TASK ITEM
Every line from the one containing "For Sony Xperia" to the end of the data below should be copied exactly, but pictures should not.

AVAILABLE DATA
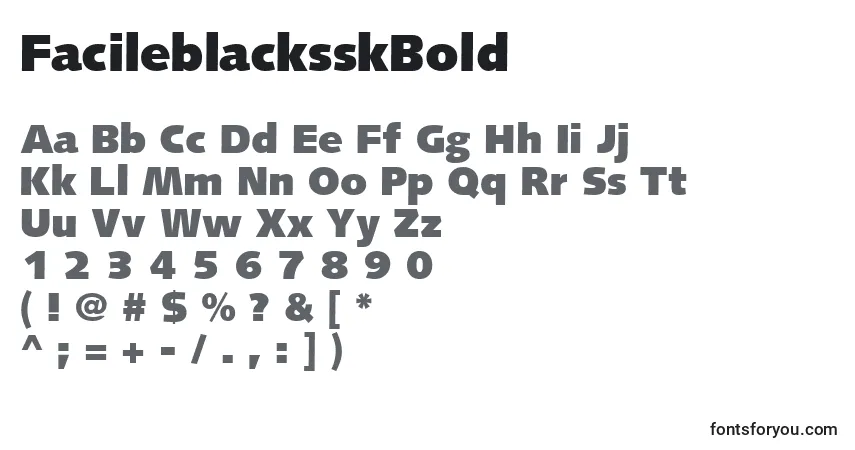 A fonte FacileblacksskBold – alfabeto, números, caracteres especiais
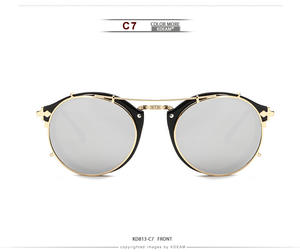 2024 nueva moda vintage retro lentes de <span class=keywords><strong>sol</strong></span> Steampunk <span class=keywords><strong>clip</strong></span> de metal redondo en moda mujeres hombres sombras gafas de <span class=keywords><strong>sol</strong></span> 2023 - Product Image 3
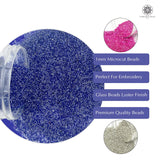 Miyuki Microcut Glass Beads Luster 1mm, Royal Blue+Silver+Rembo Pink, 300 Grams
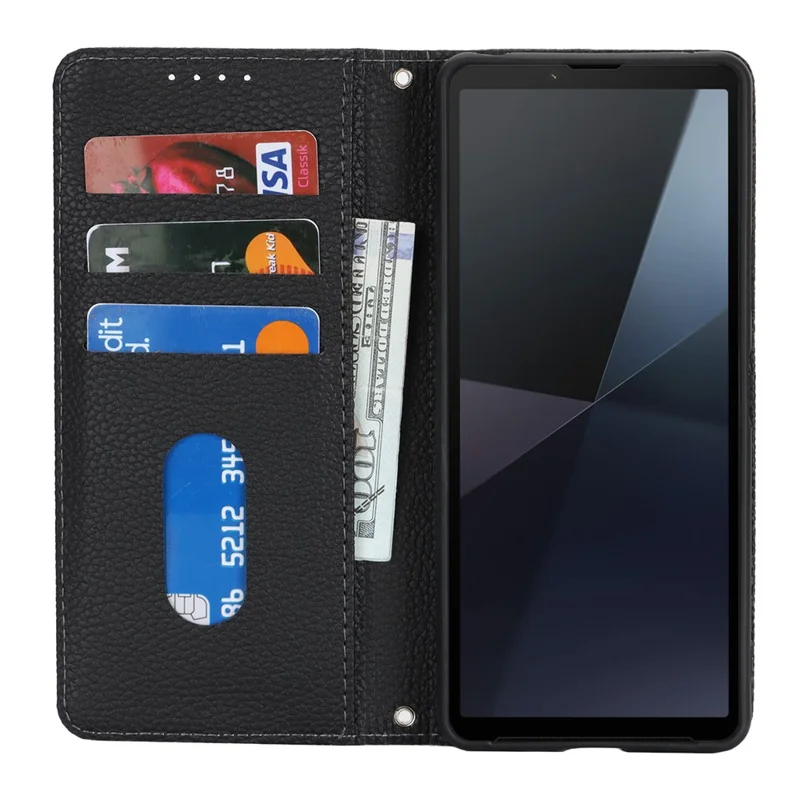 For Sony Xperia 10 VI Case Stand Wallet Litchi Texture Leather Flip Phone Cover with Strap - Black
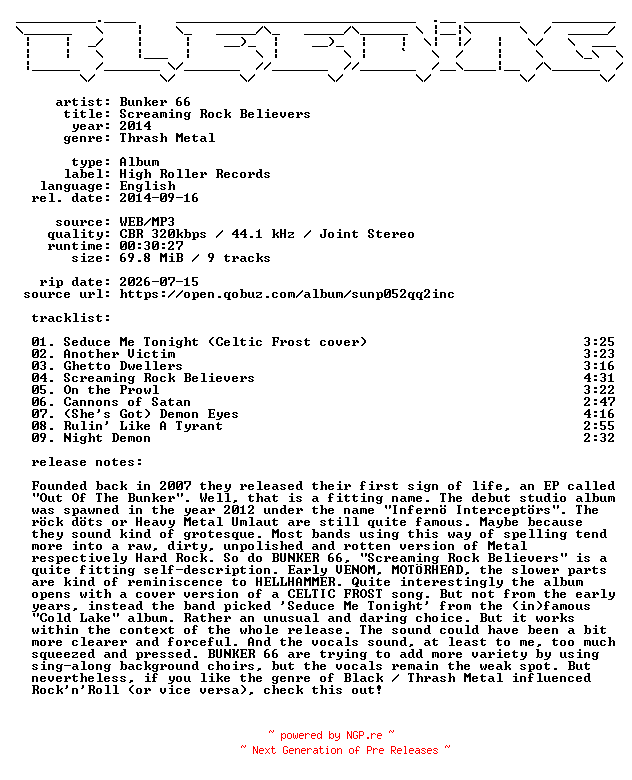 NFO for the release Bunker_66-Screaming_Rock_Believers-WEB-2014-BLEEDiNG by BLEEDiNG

FINISHED EXERCISE
 For Sony Xperia 10 VI Case Stand Wallet Litchi Texture Leather Flip Phone Cover with Strap - Black
 NFO for the release Bunker_66-Screaming_Rock_Believers-WEB-2014-BLEEDiNG by BLEEDiNG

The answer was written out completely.